Być może nie każdy zdaje sobie z tego sprawę, ale anomalie klimatyczne jakie obserwujemy w ciągu ostatnich lat mogą mieć istotne znaczenie dla zachowania równowagi gospodarki wodnej. Upalne lato 2003 i następujące po nim łagodne zimy charakteryzujące się niewielką ilością opadów sprawiły, że poziom wód gruntowych na terenie Luksemburga niebezpiecznie się obniżył. Szczęśliwie obficiej padające deszcze przez ostatnie 4 miesiące sytuację tę nieco poprawiły, jednakowoż perspektywa nowej fali upałów tego lata może znowu niebezpiecznie obniżyć poziom wód gruntowych.
Podniesienie się stanu wód gruntowych w ostatnich miesiącach nie zrekompensowało znacznego ich obniżenia w ciągu trzech ostatnich zim, gdyż – jak twierdzi Laurent Pfister, hydroklimatolog z Departamentu Środowiska i Agrobiotechnologii Centrum Badań Publicznych – deficyt opadów ze wzmiankowanego okresu jest równy wielkości opadów, jaka zasila wody gruntowe w przeciągu jednego „standardowego” roku.

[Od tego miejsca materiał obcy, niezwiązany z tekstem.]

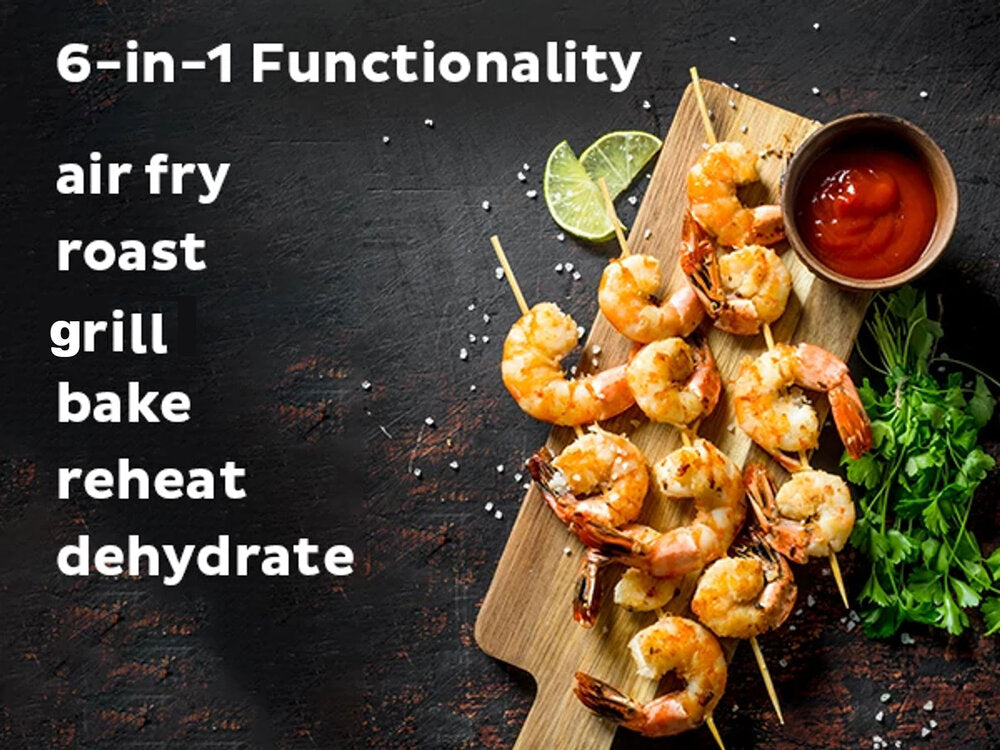 Instant Vortex Plus Dual ClearCook airfryer - 7,6L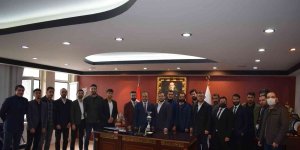 Malatya Barosu futbol takımına fair-play ödülü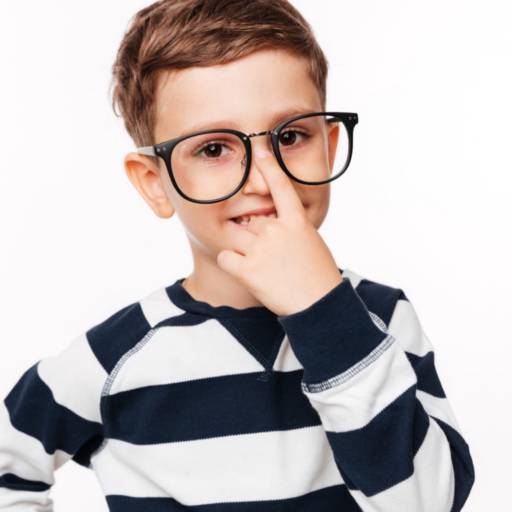 Óculos Infantil por Marcótica Studio - Loja 2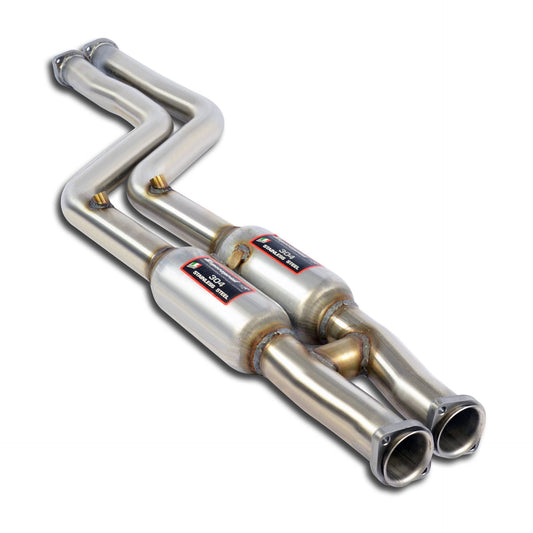 Supersprint BMW 3 Series E36 Front exhaust + "H-Pipe"-Exhaust-Silicon Valley Bimmer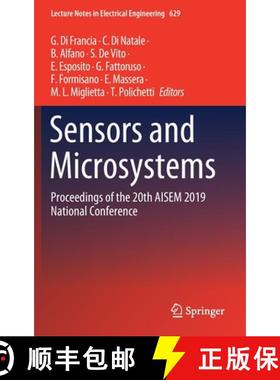 【3-4周达】Sensors and Microsystems : Proceedings of the 20th AISEM 2019 National Conference [9783030375577]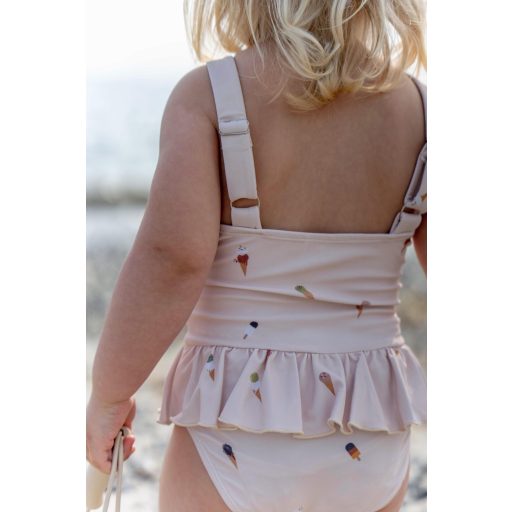 Filibabba Éva - Kislány fürdőruha 1-2 Év - Cool Summer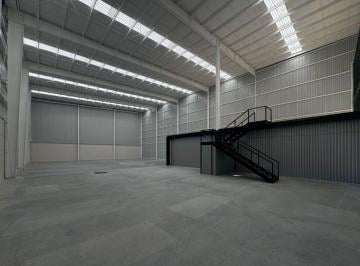 Nave industrial , Tlalnepantla de Baz · Bodega en Renta Tlalnepantla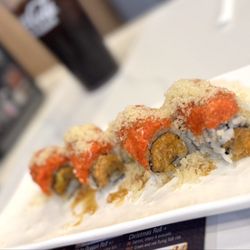 Sushi Ohayo - Special Dynamite roll.
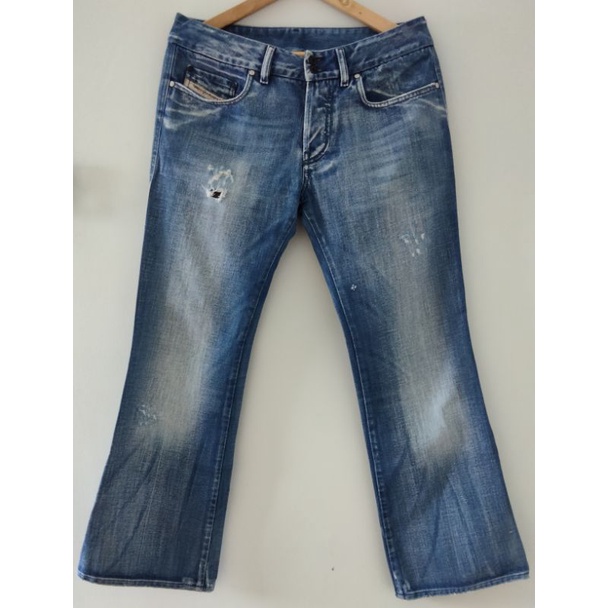 กางเกงยีนส์ Diesel Jeans (Zathan) รุ่นยอดนิยม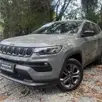 JEEP COMPASS 1.3 T270 TURBO FLEX LONGITUDE AT6 JEEP COMPASS 1.3 T270 TURBO FLEX LONGITUDE AT6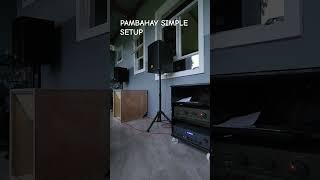 Subscoop D15 Extended | Pambahay Setup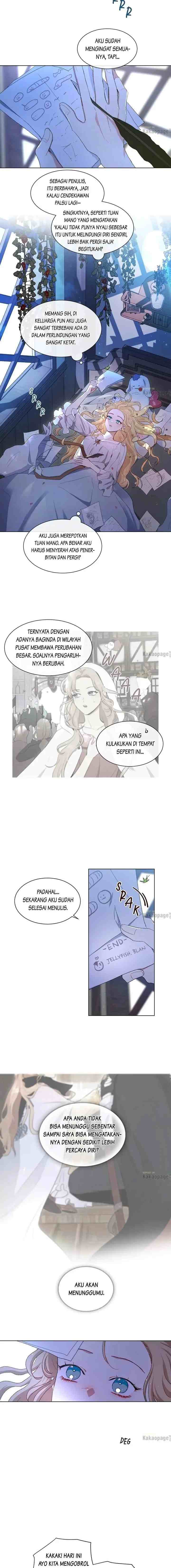 I'm Stanning the ‏Prince chapter 49 halaman 14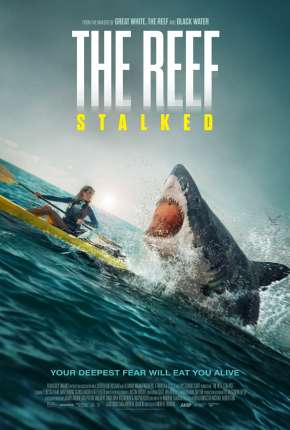 The Reef - Stalked - Legendado Torrent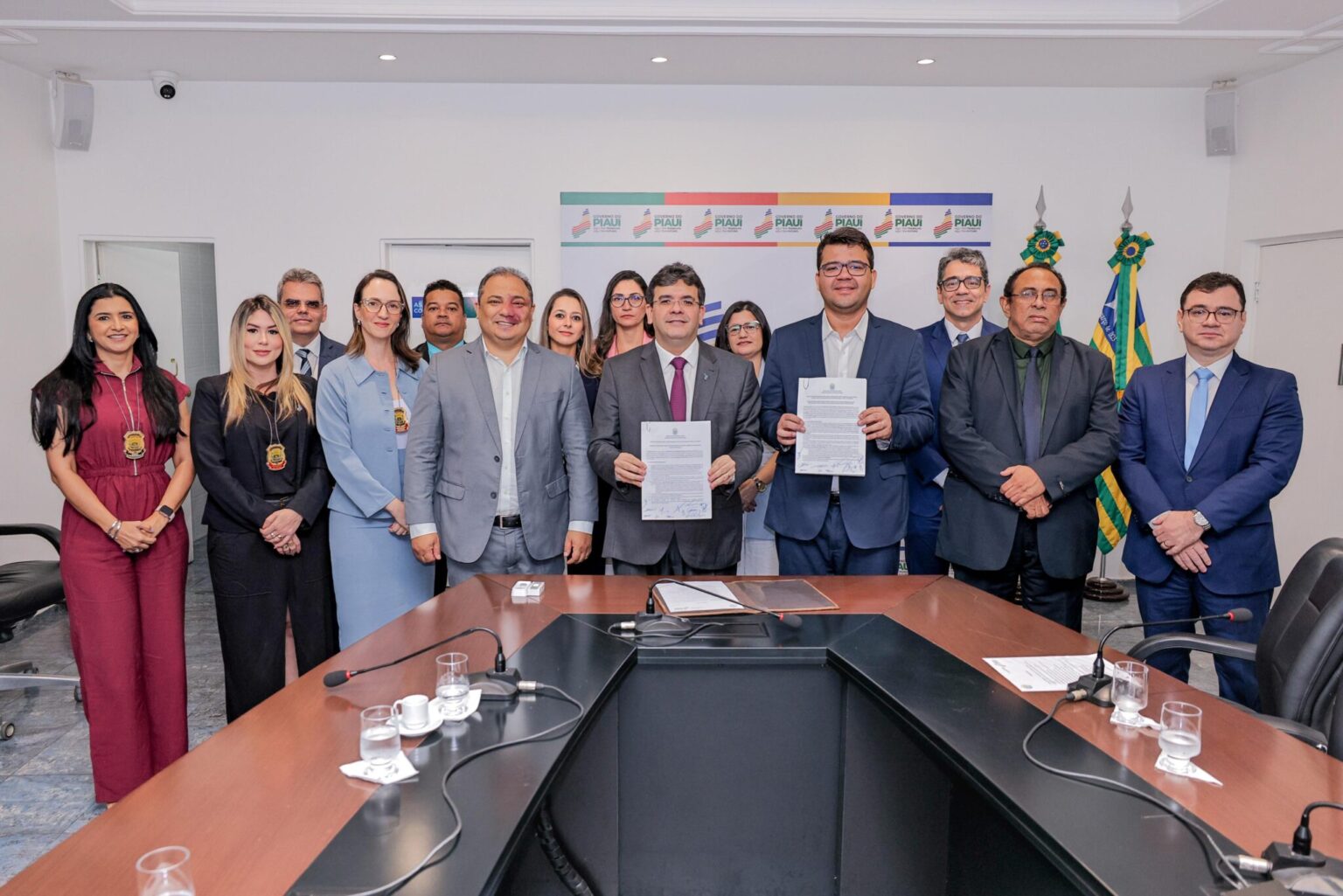 Governo do Piauí publica edital de concurso para Polícia Civil com mais de 400 vagas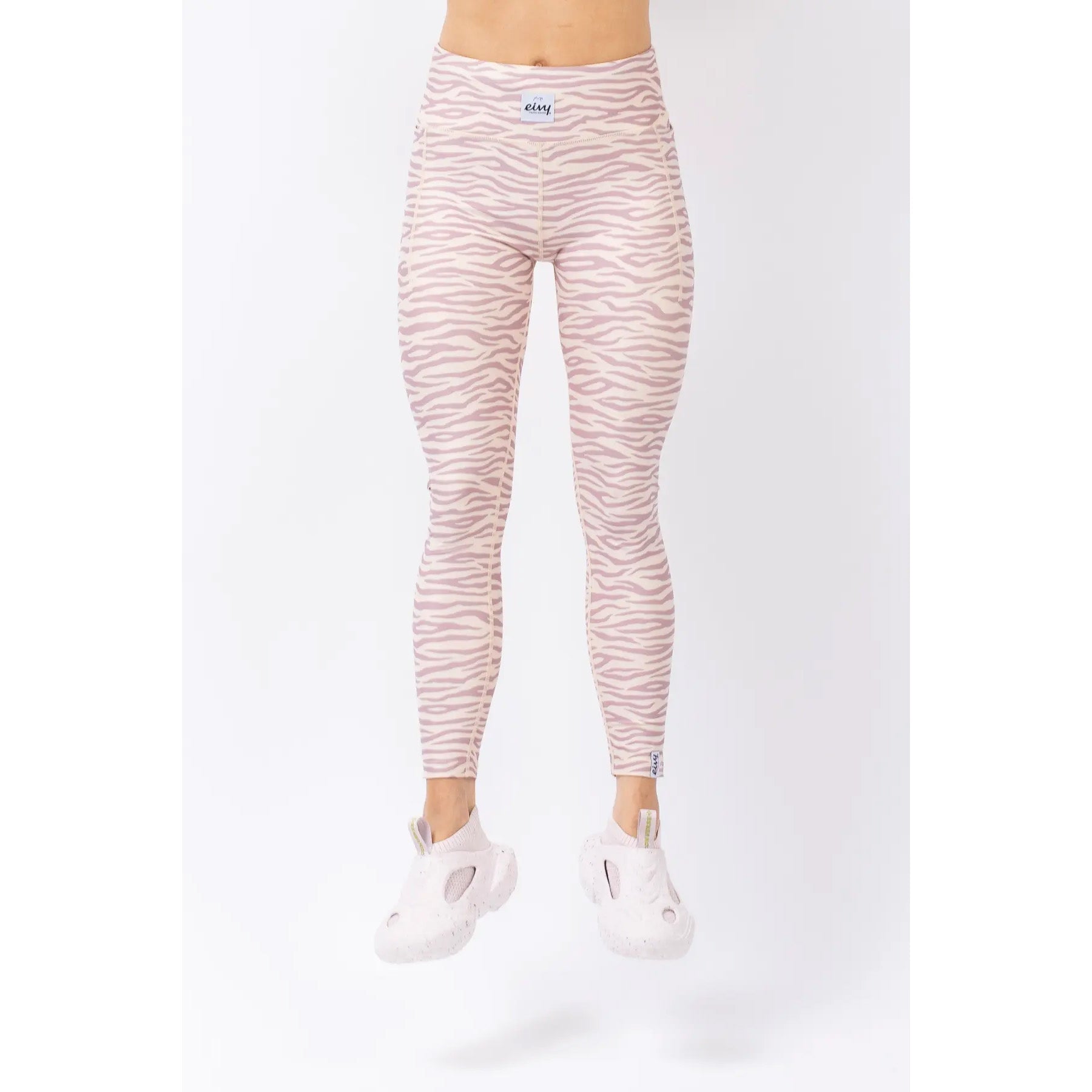 Pastel Zebra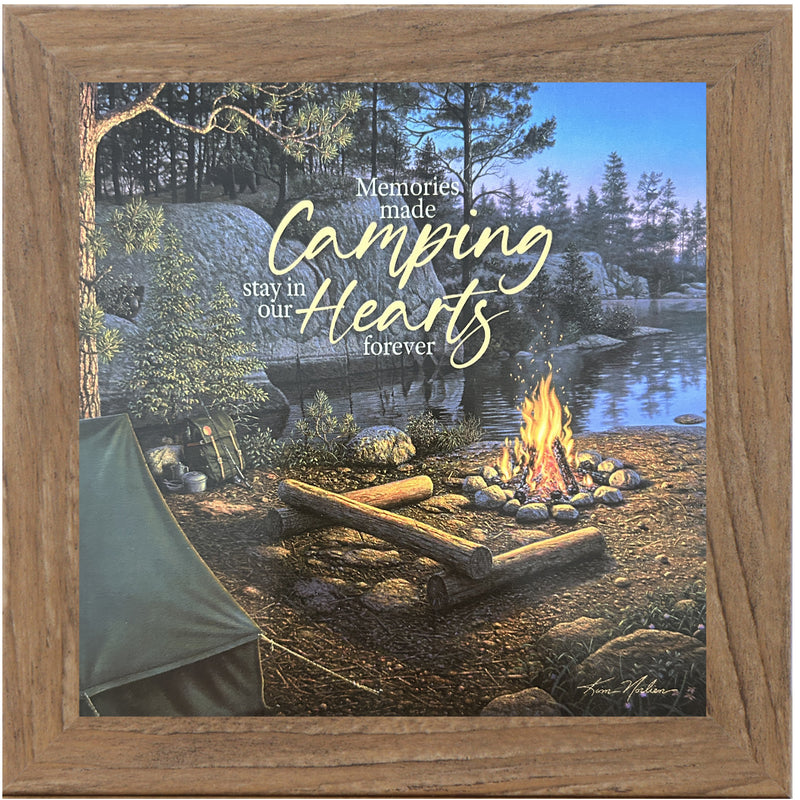 Memories Made Camping by Kim Norlien KN54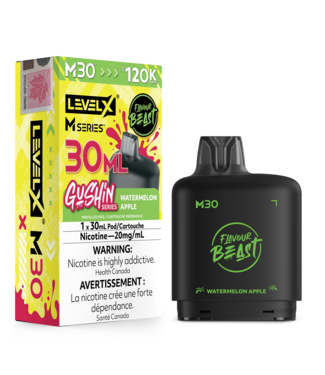 LEVEL X M-SERIES Gushin' Watermelon Apple (ONTARIO)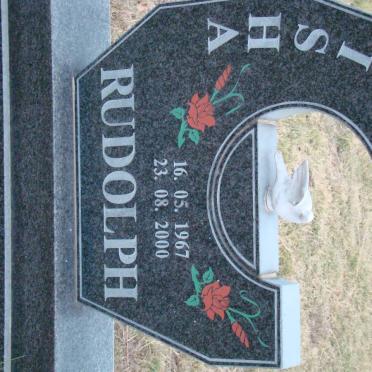 RUDOLPH Tisha 1967-2000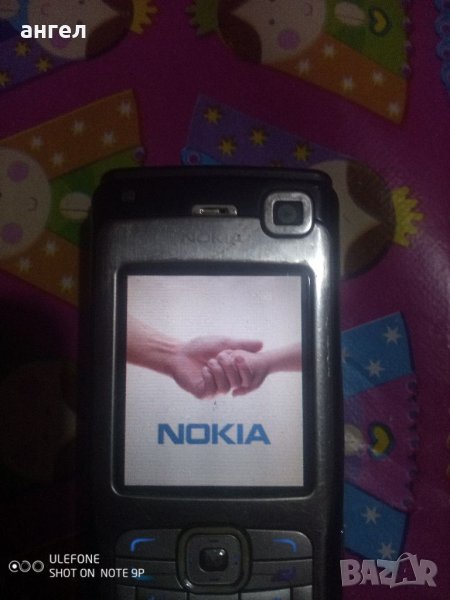 Nokia N70, снимка 1
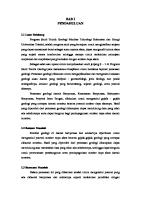 Proposal Pemetaan [PDF]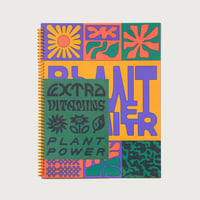 PLANT POWER BOOK - Extra Vitamins【ZINE】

Z kolei dyrektor departamentu, Lucien Hoffmann, uspokaja, że rezerwy wód gruntowych w Luksemburgu są wystarczające, co jednak nie oznacza, że możemy sobie pozwolić na ich nieuzasadnione trwonienie. Należy uwrażliwiać społeczeństwo na problem oszczędzania wody i choć Wielkie Księstwo posiada jeszcze spore rezerwy w postaci zbiornika retencyjnego Esch-sur-Sûre, woda staje się tutaj coraz cenniejsza. Tym samym wraz z pogarszającą się sytuacją hydroekologiczną wzrasta zagrożenie nie tylko sanitarne, ale i ekonomiczne, bo im większy popyt, tym wyższe ceny.